PROBLEM REQUIREMENTS: The records are set out below this line. Return exactly the lines from the one containing "3 x 6 - Green" through the last, and exclude the pictures.

Short descriptive text snippets
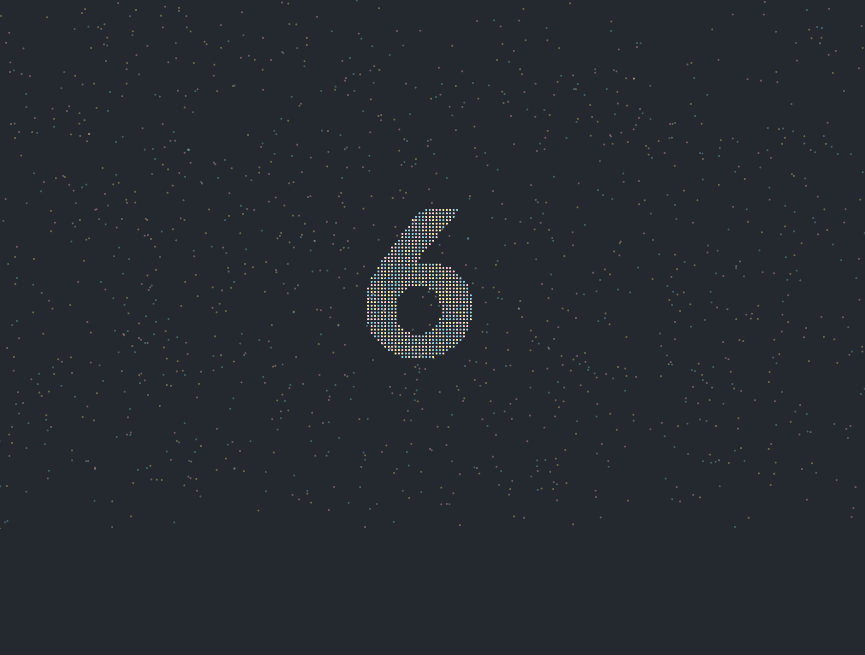 数字倒计时制作，炫酷粒子数字动画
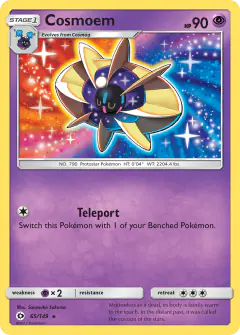 Cosmoem 65/149 Rare card from Sun & Moon Base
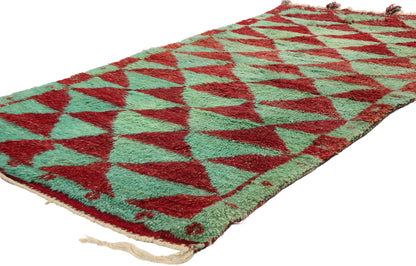 3 x 6 - Green Vintage Turkish Tulu Rug - 54079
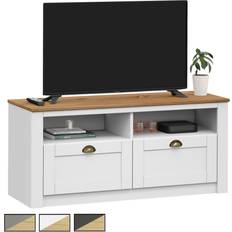 Kiefer Fernsehschränke Lowboard White/Brown Fernsehschrank 110x50cm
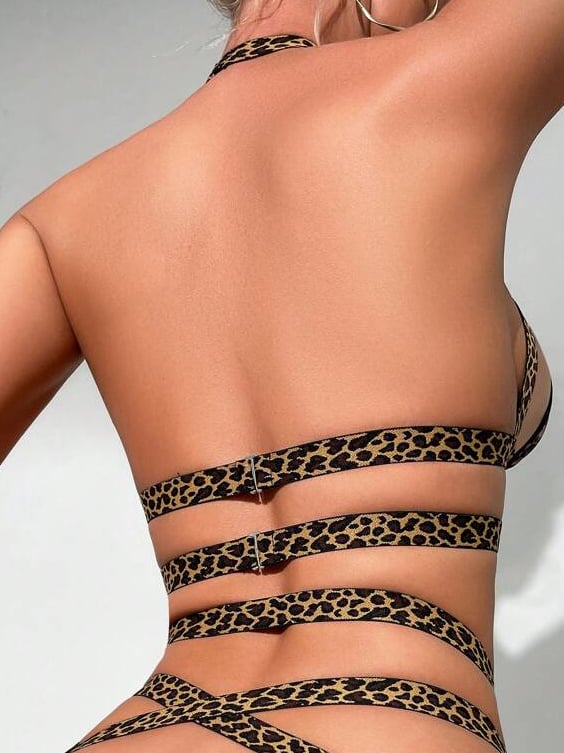 Hollow Leopard Lingerie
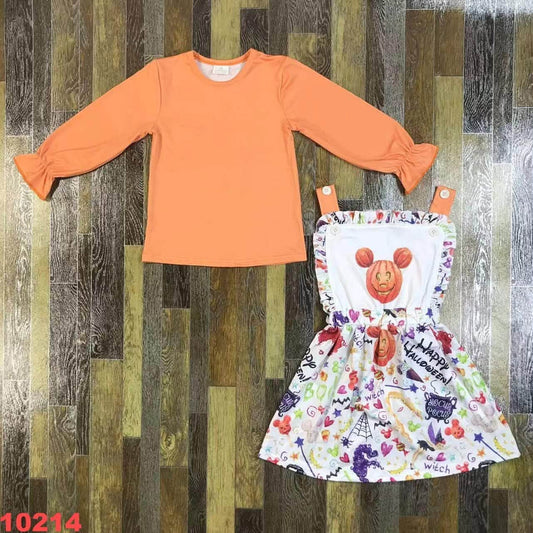 Pumpkin Mouse Dress Set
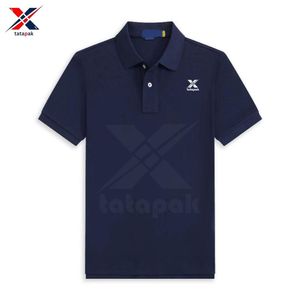 T-shirt polo respirant à manches courtes teint en fil pour hommes, prix de gros d'usine bon marché, service OEM de tous les jours - Product Image 2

OUTPUT OF THE EXERCISE:
 3 x 6 - Green Vintage Turkish Tulu Rug - 54079
 Kiefer Fernsehschränke Lowboard White/Brown Fernsehschrank 110x50cm
 Hollow Leopard Lingerie
 Pumpkin Mouse Dress Set
 T-shirt polo respirant à manches courtes teint en fil pour hommes, prix de gros d'usine bon marché, service OEM de tous les jours - Product Image 2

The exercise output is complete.